I want to get an idea about how the reviews spread out.
## Warning: Ignoring unknown parameters: binwidth, bins, pad
## `stat_bin()` using `bins = 30`. Pick better value with `binwidth`.
## `stat_bin()` using `bins = 30`. Pick better value with `binwidth`.
pizza_clean %>%
ggplot(aes(name, review_stats_all_count)) +
geom_point() +
theme(axis.text.x = element_text(angle=60, hjust=1))
It looks like most of the data is from New York. So I’m just going to focus on that city, and remove the rest of the cities. I’m not finding the price level to be very interesting either. So I’m going to remove that as well. The are a couple places that have high review counts. But that’ll be good to just keep in mind.
nyc_pizza <- subset(pizza_clean, city == "New York")
nyc_pizza <- nyc_pizza %>%
select(-c(price_level, review_stats_all_count))
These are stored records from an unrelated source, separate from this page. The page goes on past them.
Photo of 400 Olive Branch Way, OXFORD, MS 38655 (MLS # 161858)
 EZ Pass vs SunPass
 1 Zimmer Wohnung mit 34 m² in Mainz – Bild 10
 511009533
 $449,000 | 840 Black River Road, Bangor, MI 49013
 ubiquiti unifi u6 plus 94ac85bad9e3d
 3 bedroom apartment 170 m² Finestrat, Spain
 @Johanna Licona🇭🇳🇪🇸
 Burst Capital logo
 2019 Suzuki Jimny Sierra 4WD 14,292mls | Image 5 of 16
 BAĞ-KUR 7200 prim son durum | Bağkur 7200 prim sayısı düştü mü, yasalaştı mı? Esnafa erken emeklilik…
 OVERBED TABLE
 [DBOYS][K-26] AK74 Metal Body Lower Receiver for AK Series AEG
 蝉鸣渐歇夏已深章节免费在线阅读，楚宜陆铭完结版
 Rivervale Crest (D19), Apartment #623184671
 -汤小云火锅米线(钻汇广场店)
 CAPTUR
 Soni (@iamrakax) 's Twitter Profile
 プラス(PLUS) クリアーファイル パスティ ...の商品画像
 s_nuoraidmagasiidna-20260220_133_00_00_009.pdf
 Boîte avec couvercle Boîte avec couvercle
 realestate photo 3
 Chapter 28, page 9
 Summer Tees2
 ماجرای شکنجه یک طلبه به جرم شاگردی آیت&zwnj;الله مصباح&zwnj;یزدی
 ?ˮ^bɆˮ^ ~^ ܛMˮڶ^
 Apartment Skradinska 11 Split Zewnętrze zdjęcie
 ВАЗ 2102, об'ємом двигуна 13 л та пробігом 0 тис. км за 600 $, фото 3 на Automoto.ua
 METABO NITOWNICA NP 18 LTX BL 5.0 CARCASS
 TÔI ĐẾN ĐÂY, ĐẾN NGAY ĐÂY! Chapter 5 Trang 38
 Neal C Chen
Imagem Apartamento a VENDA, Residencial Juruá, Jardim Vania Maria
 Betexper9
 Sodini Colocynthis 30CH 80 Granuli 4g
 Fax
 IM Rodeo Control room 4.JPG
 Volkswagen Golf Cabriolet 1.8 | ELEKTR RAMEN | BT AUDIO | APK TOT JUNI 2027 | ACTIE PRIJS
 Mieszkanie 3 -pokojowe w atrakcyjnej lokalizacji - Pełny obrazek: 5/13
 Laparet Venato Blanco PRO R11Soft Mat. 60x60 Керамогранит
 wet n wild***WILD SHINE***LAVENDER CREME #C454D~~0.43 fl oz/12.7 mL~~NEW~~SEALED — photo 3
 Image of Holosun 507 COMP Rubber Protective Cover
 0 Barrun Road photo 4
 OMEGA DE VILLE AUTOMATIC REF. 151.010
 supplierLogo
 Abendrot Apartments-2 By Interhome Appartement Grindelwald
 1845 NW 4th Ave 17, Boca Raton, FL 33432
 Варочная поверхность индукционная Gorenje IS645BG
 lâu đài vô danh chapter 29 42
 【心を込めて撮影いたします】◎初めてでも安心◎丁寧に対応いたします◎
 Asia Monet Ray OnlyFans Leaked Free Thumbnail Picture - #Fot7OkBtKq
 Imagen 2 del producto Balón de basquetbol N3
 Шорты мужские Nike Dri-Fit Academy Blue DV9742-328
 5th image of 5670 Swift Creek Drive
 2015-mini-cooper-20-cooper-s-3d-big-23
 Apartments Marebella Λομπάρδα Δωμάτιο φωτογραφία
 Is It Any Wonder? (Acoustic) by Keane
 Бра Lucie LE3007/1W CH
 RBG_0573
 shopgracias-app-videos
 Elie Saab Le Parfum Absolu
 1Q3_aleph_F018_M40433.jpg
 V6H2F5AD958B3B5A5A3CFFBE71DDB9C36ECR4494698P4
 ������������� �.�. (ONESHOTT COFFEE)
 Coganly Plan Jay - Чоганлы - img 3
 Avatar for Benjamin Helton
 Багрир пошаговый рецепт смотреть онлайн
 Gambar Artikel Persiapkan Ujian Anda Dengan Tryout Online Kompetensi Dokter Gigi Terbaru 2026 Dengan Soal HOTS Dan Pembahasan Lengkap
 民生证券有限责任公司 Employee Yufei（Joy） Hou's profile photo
Ok, now I want to actually kind look at the data. So I’m going to see of the restaurants left what their ratings are.
nyc_pizza %>%
ggplot(aes(x = reorder(name, review_stats_all_average_score), y = review_stats_all_average_score)) +
geom_point() +
theme(axis.text.x = element_text(angle=60, hjust=1))
Now I want to see plot the reviews agaisnt each other to see if they match up well.
nyc_pizza %>%
ggplot(aes(review_stats_critic_average_score, review_stats_community_average_score)) +
geom_point()
nyc_pizza %>%
ggplot(aes(review_stats_dave_average_score, review_stats_community_average_score, color = provider_rating, size = (review_stats_community_count + review_stats_dave_count))) +
guides(size = guide_legend(title = "Total Count"),
color = guide_legend(title = "Rating")) +
geom_point() +
xlim(0, 10) +
ylim(0, 10) +
labs(title = "Average Ratings", x = "Dave's Score", y = "Community Score")
Uh. Well I guess the critic reviews don’t really cover the data set that I’m looking at. But there is a bit of overlab for the dave ratings and the community scores. I would fit a line to this to see the deviation between them in the future.